Is there a book or edition that gives hard numbers on background system traffic?
The best approach would be to base it off of trade volume numbers.
Interstellar trade traffic would be different from in system traffic. That depends on how busy the internal system is, how much travel is done through sub light vs just jumping to the outer system, etc.
The key things to note is the majority of traffic is predictable. These are long trips, people value time, they take the shortest route. As a general rule, space is REALLY boring. It's also, still, REALLY dangerous, and nobody really just wants to be out there. If you look at most modern shipping, they take common, known routes from port to port across the wide open oceans.
Same thing would happen for most space traffic.
That means that if you want to find the vast majority of the system traffic, it's not scattered all over the system, it's in just a few places, just a few trade lanes or trade routes. Meaning that the little blips that may pop up outside of those major traffic patterns, those might well get an extra glance over as who they are, and why they're there.
Also, all traffic has some kind of identity transponder, actively pinging. If some background cosmic anomaly stands out on a scanner, it better be pinging back to make it less of one, or its going to gather even more interest. Particularly if it wasn't there yesterday.
We don't do daily sky scans because we don't have too. We try to keep track of the potentially dangerous rocks out there that might prove cataclysmic, and we do detect most of them. Sometimes, one sneaks in an startles the astronomers. And, yes, its fair to say you don't know what you don't know, and there are very likely ones we've missed completely. Thankfully, they've missed us, so, no harm no foul.
But we do look.
At the same time, our security situation, outside of a rogue rock, which by definition needs to be pretty big to bother with in the first place, doesn't warrant a more detailed, or timely view of the sky. We don't have space traffic to monitor.
That said, I'm pretty sure everything in orbit is, literally and figuratively, on somebodies RADAR. As a rule, I think those working in space have detailed knowledge of everything floating around up there, from space stations, to satellites, to rogue nuts, bolts, and wrenches.

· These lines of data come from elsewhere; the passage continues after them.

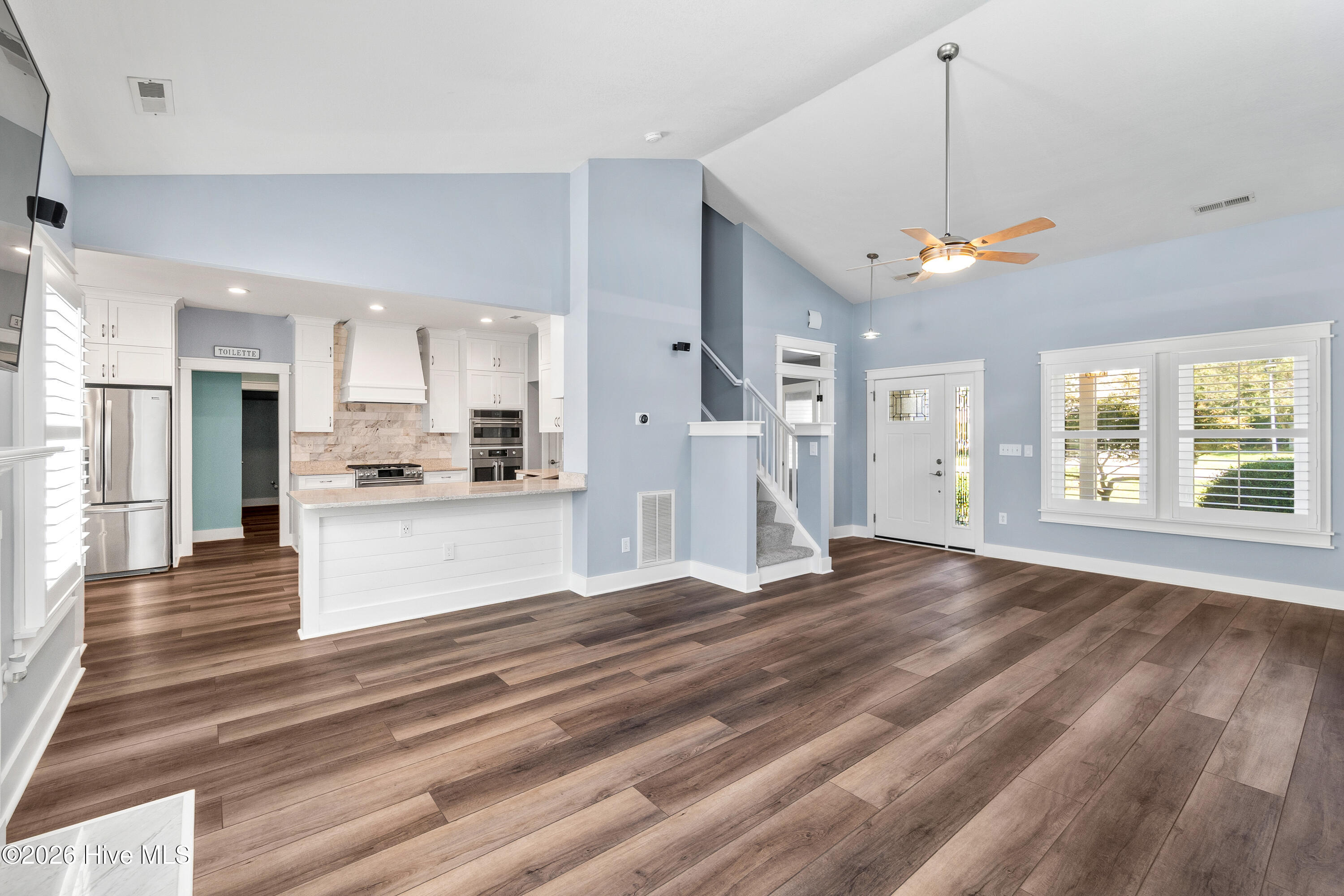 117 Green View Road Property Photo 5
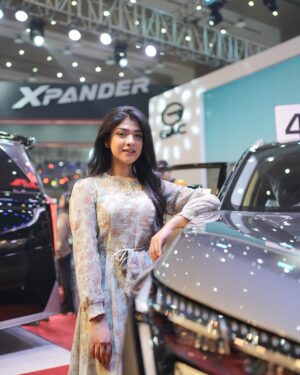 Sarika Sabah Instagram - A new era of driving starts today. Introducing GAC – engineered for what’s next. Bold design, advanced technology and visionary performance. #GACMotorBangladesh #WhereCraftMeetsTechnology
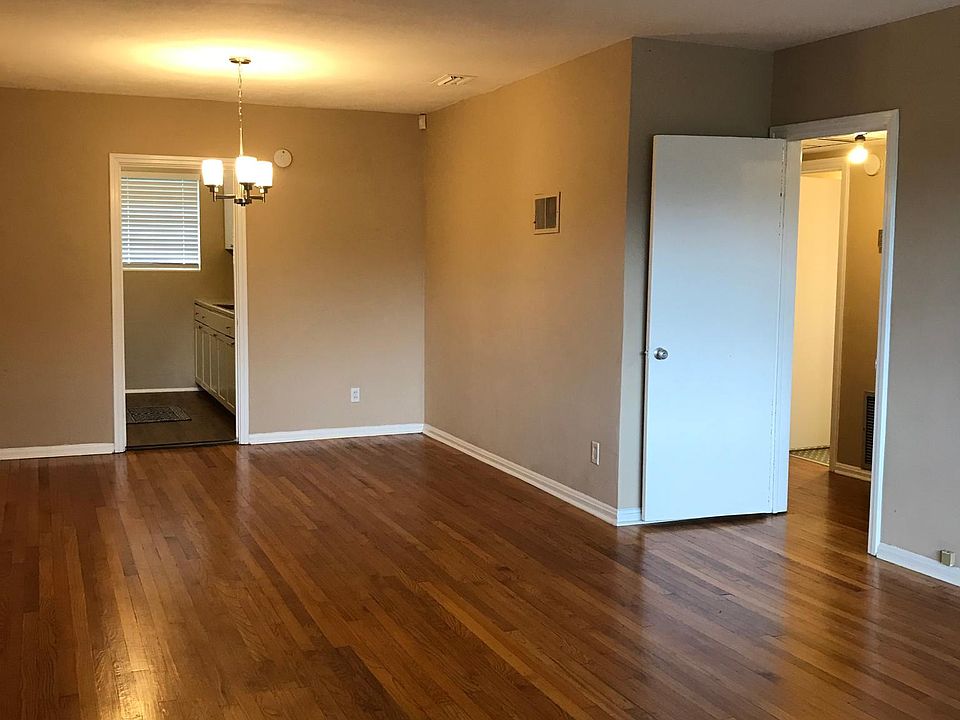 Living Room/ Dining Room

In a future situation with a lot of space traffic, we'll have to set up some kind of more robust, more up to date status of the sky, requiring more scans, and more power, and, likely, some work on instrument sensitivity. We don't have that now because its simply not needed.
If we start needing to care if a pixel dot in deep space is important for us to keep track of, we'll start putting out deep space sensor platforms to make those dots easier to pick up and identify.